RECURSO CRIMINAL - DENÚNCIA - CRIME ELEITORAL. ART. 350 DO CÓDIGO ELEITORAL - DECLARAÇÃO FALSA EM DOCUMENTO PARTICULAR PARA FINS DE TRANSFERÊNCIA ELEITORAL - CONDENAÇÃO DO RECORRENTE EM 1ª INSTÂNCIA - INEFICÁCIA DO MEIO EMPREGADO - CRIME IMPOSSÍVEL - REFORMA DA SENTENÇA - ABSOLVIÇÃO DO RECORRENTE. - A hipótese prevista no art. 350 do Código Eleitoral, qual seja, inserção de declaração falsa em documento público ou particular, enquadra-se na categoria de "crime meio", pela qual se objetiva alcançar um resultado, também ilícito, e, portanto, tipificado como crime, que no caso dos autos, revela-se pela conduta prevista no art. 289, ou seja, inscrição fraudulenta. Detecção, pela justiça eleitoral, do ardil que pretendia utilizar o recorrente. A transferência eleitoral sequer foi iniciada. O estratagema documental, que pretendia implementar o recorrente, não teve potencialidade para enganar, ocorrendo, in casu, a hipótese de crime impossível, prevista no art. 17 do Código Penal, quando nem mesmo a tentativa é punida, haja vista a ineficácia do meio empregado.
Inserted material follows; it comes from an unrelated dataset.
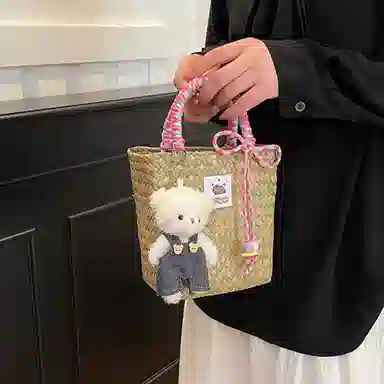 冠军小熊 可爱小熊编织手绳菜篮子包彩色装饰绳精致手工编制包沙滩包 草编 手提包 女款 咖色/绿色/粉色/黄色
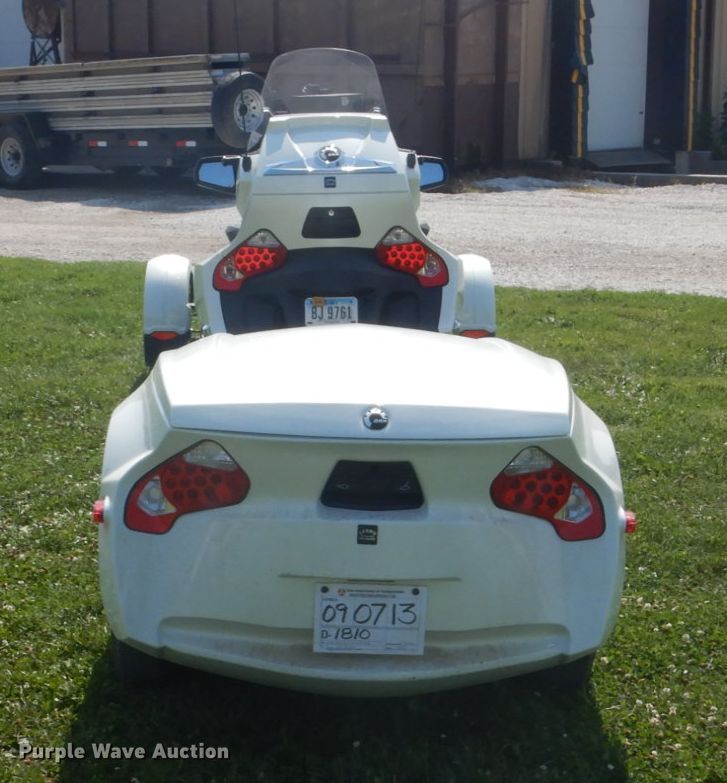 image for item FT9197 2012 Can-am Spyder RTT motorcycle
(TRE-SC - RC EM PROCESSO n. 3 SC, Relator Samir Oséas Saad, julgamento em 06.7.2009, publicado no DJE - Diário de JE, Tomo 123, Data 10.7.2009, Página 4.) (Grifei.)
 

RECURSO ESPECIAL. CRIME ELEITORAL. ART. DO CÓDIGO ELEITORAL. FALSIDADE IDEOLÓGICA ELEITORAL. OMISSÃO DE BENS. CANDIDATURA. DOLO NECESSÁRIO. FINALIDADE ELEITORAL. POTENCIALIDADE DANOSA RELEVANTE. DEMONSTRAÇÃO NECESSÁRIA. PRECEDENTE. DISSÍDIO JURISPRUDENCIAL. NÃO CARACTERIZADO. RECURSO A QUE SE NEGA PROVIMENTO. Para caracterização do crime do art. 350 do Código Eleitoral, eventual resultado naturalístico é indiferente para sua consumação - crime formal -, mas imperiosa é a demonstração da potencialidade lesiva da conduta omissiva, com finalidade eleitoral.

 

(TSE - ARESPE n. 28422 SP, Relator: Joaquim Benedito Barbosa Gomes, julgamento em 19.8.2008, publicado no DJ - Diário da Justiça, Data 12.9.2008, Página 13.)
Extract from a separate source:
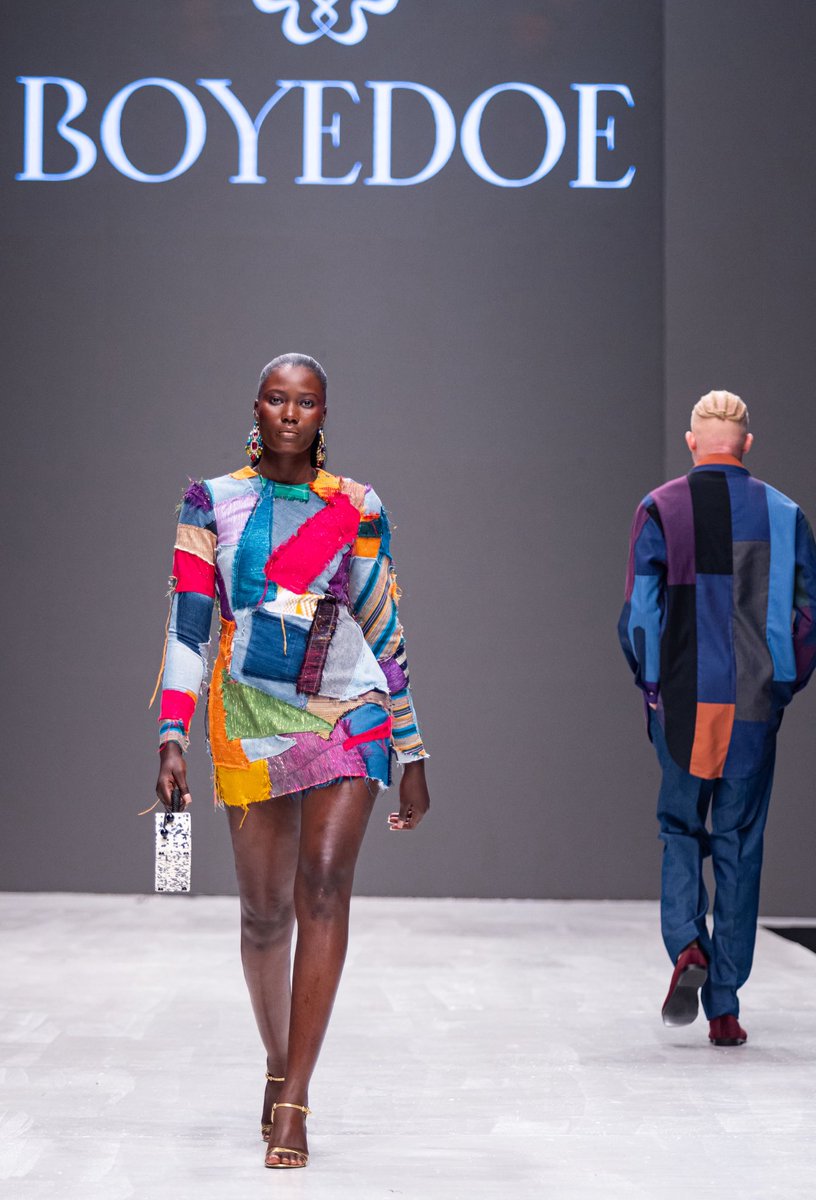 LFW_NG's tweet photo. A closer look at denim on the Lagos Fashion Week 2025 runway.

Patchworked, reconstructed and transformed, the fabric moved beyond the familiar in colorful ways  taking on new shapes and expressions across collections.
Proof that innovation often begins with what we already know. https://t.co/1ws7xnVRry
Por isso, entendo que a absoluta ineficácia do meio empregado pelo réu para se passar por eleitor diverso, detectado de plano pelo sistema informatizado da Justiça Eleitoral, inviabiliza a ocorrência do delito, nos exatos termos do art. 17 do Código Penal, que dispõe:

Art. 17 - Não se pune a tentativa quando, por ineficácia absoluta do meio ou por absoluta impropriedade do objeto, é impossível consumar-se o crime.

Ressalto, por fim, que não se trata de ignorar a gravidade da conduta do réu, tampouco relegar ao oblívio a aparência de veracidade da documentação apresentada aos servidores da Justiça Eleitoral, mas sim de reconhecer, na hipótese, a impossibilidade de dano ou prejuízo ao bem juridicamente tutelado, isto é, a higidez e a fidedignidade do cadastro de eleitores.

DIANTE DO EXPOSTO, VOTO pelo desprovimento do recurso.